* TASK STATEMENT:
Transcribe each record exactly. Omit the pictures.

* LISTED RECORDS:
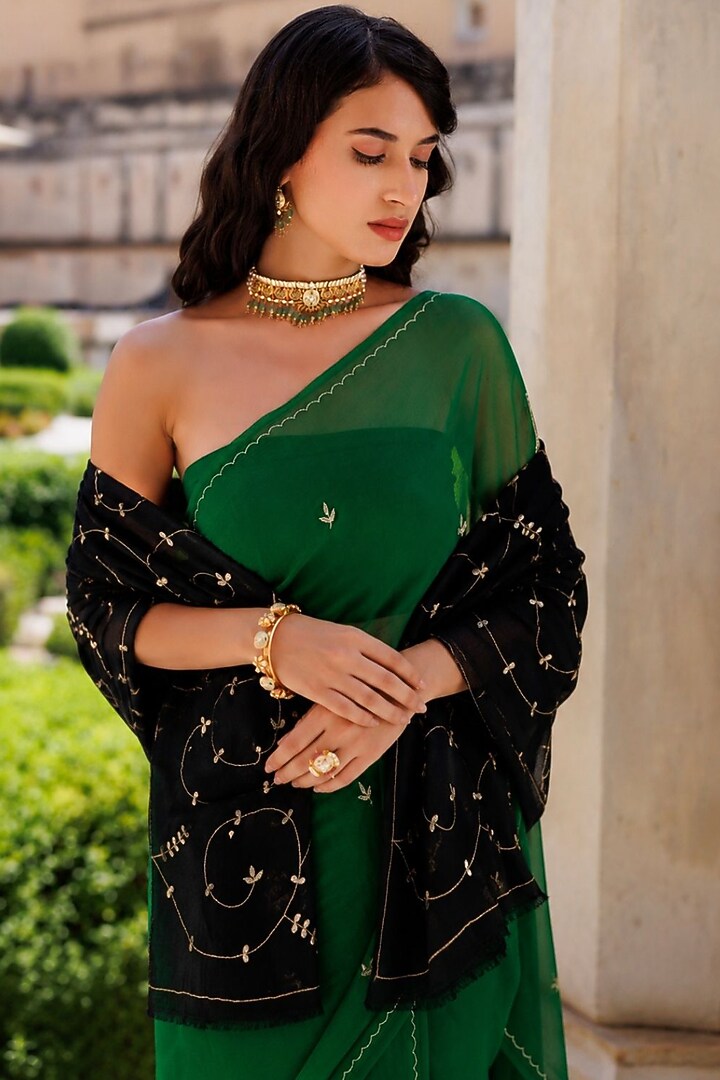 Black Wool Gota Patti Hand Embroidered Shawl by Geroo Jaipur Accessories at Pernia's Pop Up Shop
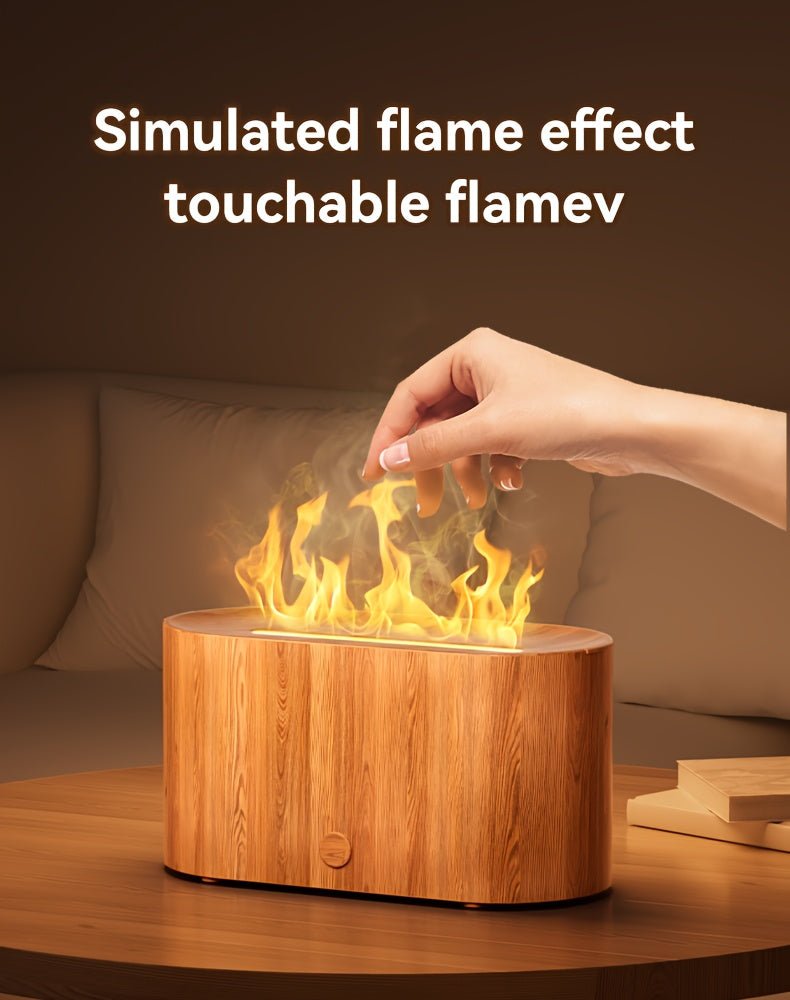 [Aroma Diffuser | Humidifier] 7-color Simulated Flame LED Night Light Humidifier And Aroma Diffuser | Can Add Essential Oils As Air Aroma Diffuser, Suitable For Home, Office, Gift And Environmental Lighting, Bedroom Room Deco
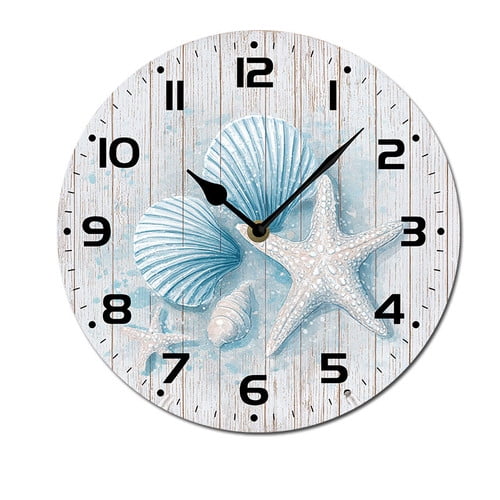 ZXCXRQFa Desk Clocks Blue Seashell Starfi Silent Wall Clocks for Living Room Kitchen Decor Bathroom Farmhouse Non Ticking Decorative Clock 10-Inch Round Clocks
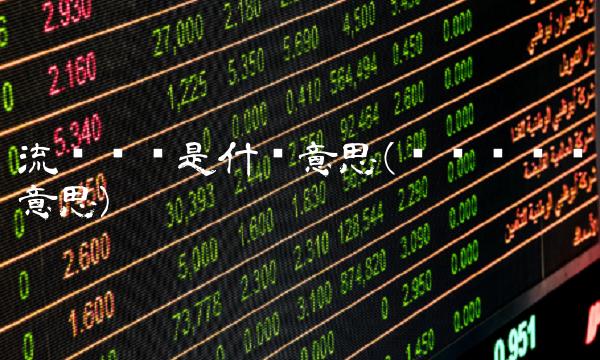 流动负债是什么意思(资产负债啥意思)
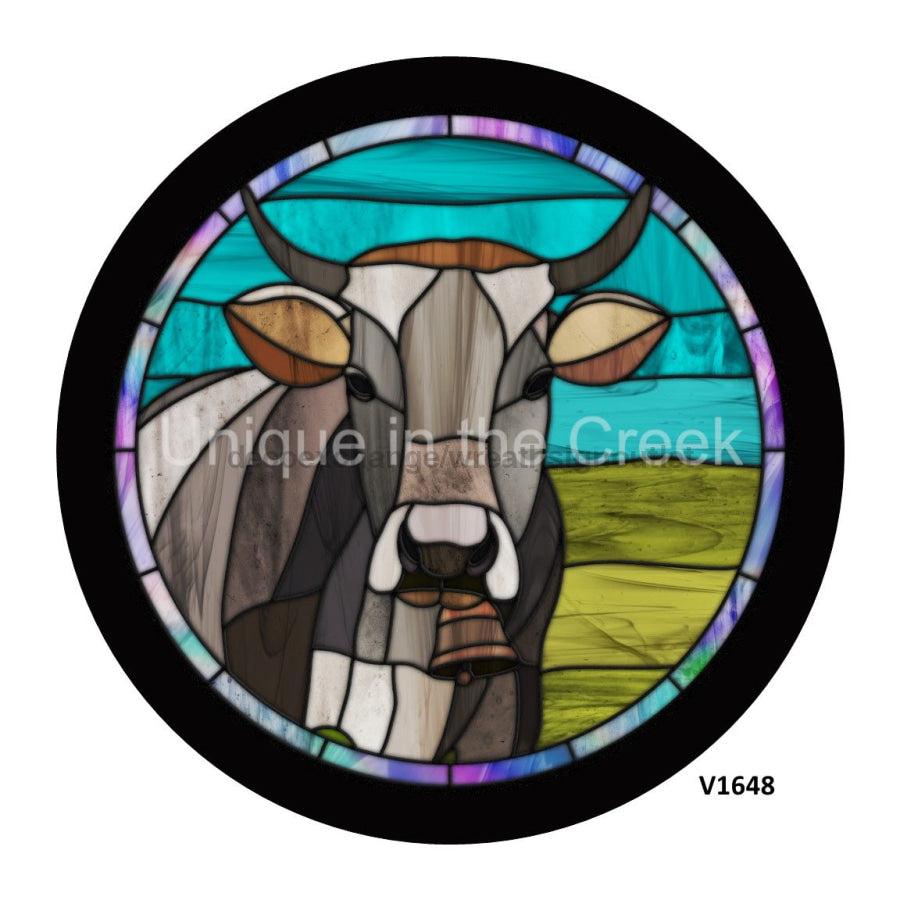 COW / FARM SCENERY STAINED GLASS LOOK SPRING EVRYDAY 10.5" Vinyl Wreath Sign - UTIC-VINYL-V1648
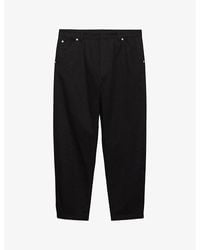 Prada - Triangle-Logo Tapered-Leg Relaxed Cotton Trousers - Lyst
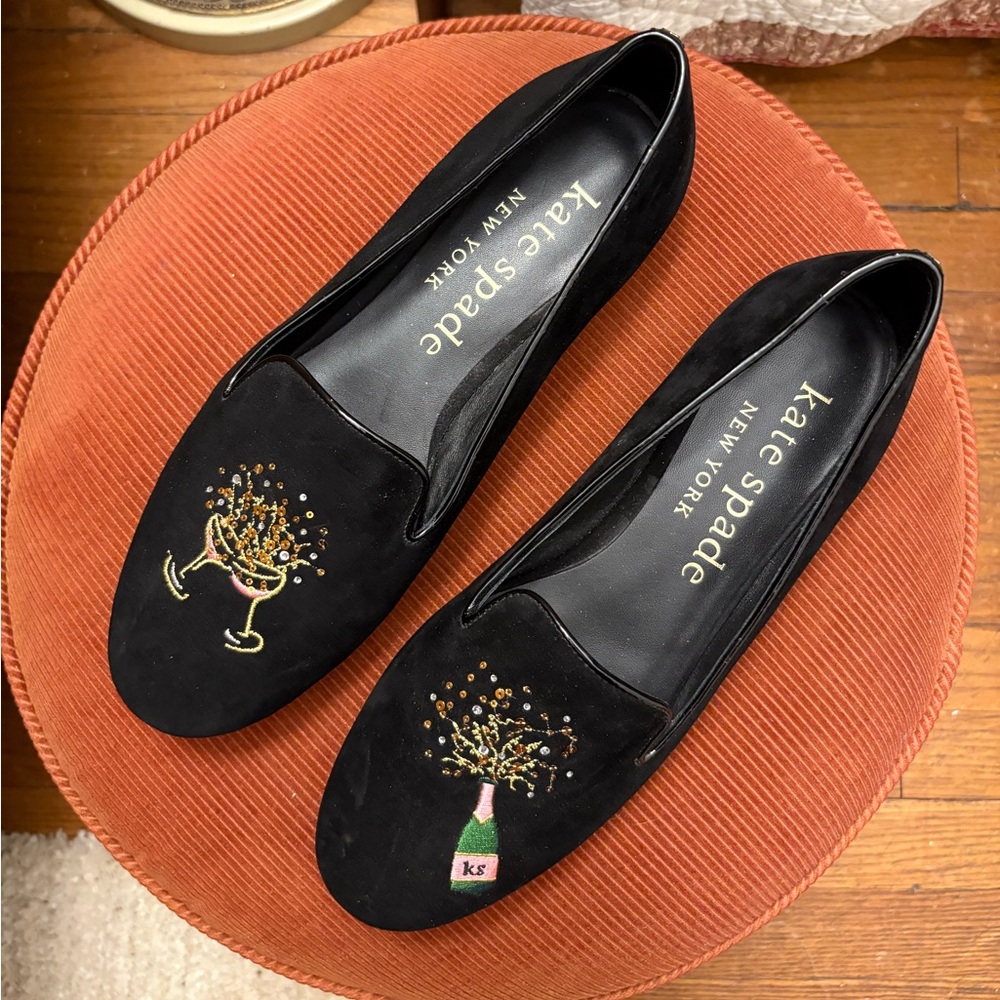 Kate Spade Black Loafers with Gold Embroidery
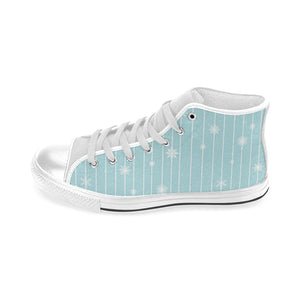Snowflake pattern blue stripe background Men's High Top Canvas Shoes White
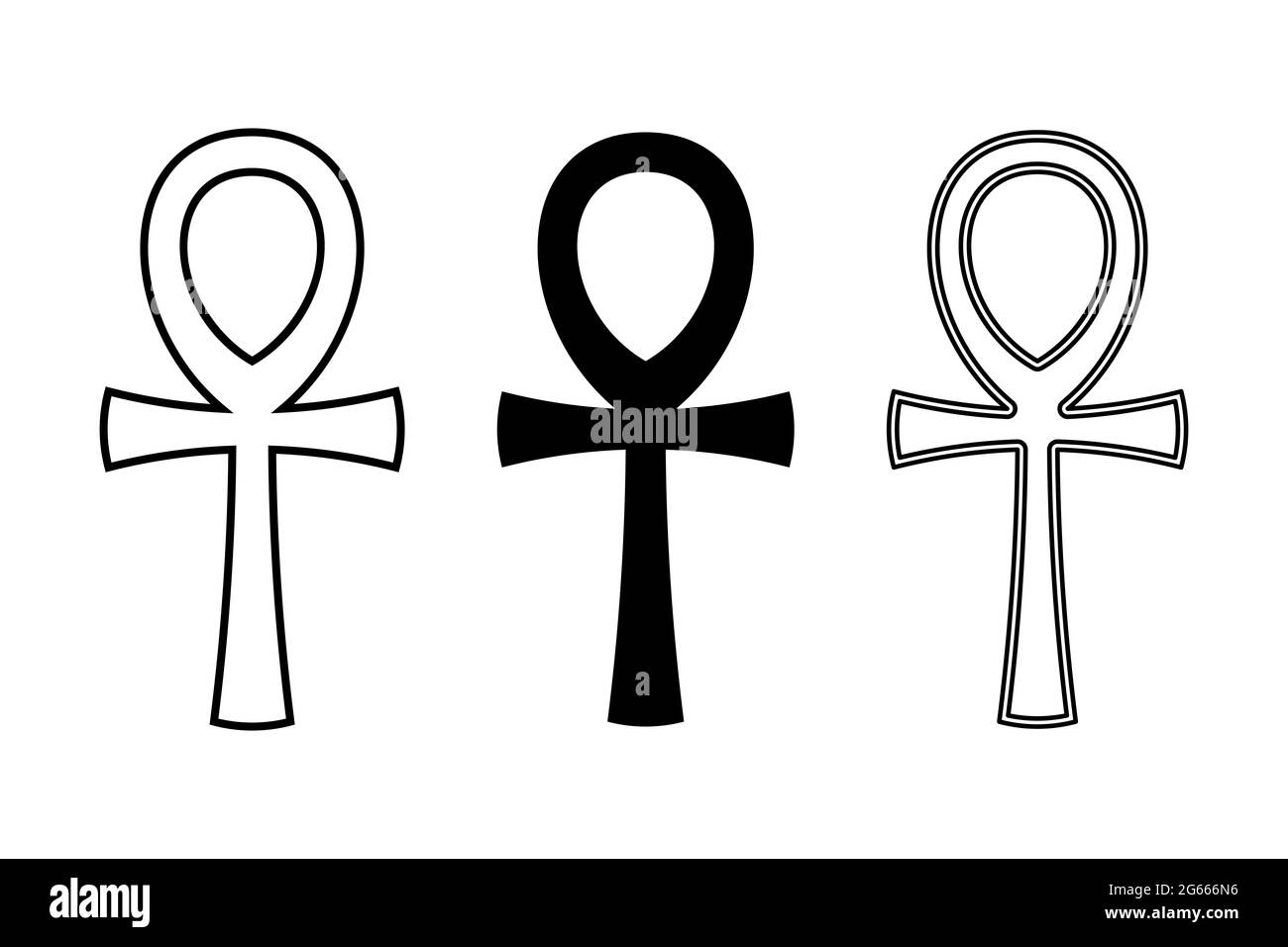 Drei ankh-Symbole. Auch Schlüssel des Lebens genannt, ein Kreuz mit Griff, ein altägyptisches hieroglyphisches Symbol der Götter und Pharaonen, das Leben darstellt. Stockfoto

* SOLUTION FOR THIS EXERCISE:
 Black Wool Gota Patti Hand Embroidered Shawl by Geroo Jaipur Accessories at Pernia's Pop Up Shop
 [Aroma Diffuser | Humidifier] 7-color Simulated Flame LED Night Light Humidifier And Aroma Diffuser | Can Add Essential Oils As Air Aroma Diffuser, Suitable For Home, Office, Gift And Environmental Lighting, Bedroom Room Deco
 ZXCXRQFa Desk Clocks Blue Seashell Starfi Silent Wall Clocks for Living Room Kitchen Decor Bathroom Farmhouse Non Ticking Decorative Clock 10-Inch Round Clocks
 流动负债是什么意思(资产负债啥意思)
 COW / FARM SCENERY STAINED GLASS LOOK SPRING EVRYDAY 10.5" Vinyl Wreath Sign - UTIC-VINYL-V1648
 Prada - Triangle-Logo Tapered-Leg Relaxed Cotton Trousers - Lyst
 Kate Spade Black Loafers with Gold Embroidery
Snowflake pattern blue stripe background Men's High Top Canvas Shoes White
 Drei ankh-Symbole. Auch Schlüssel des Lebens genannt, ein Kreuz mit Griff, ein altägyptisches hieroglyphisches Symbol der Götter und Pharaonen, das Leben darstellt. Stockfoto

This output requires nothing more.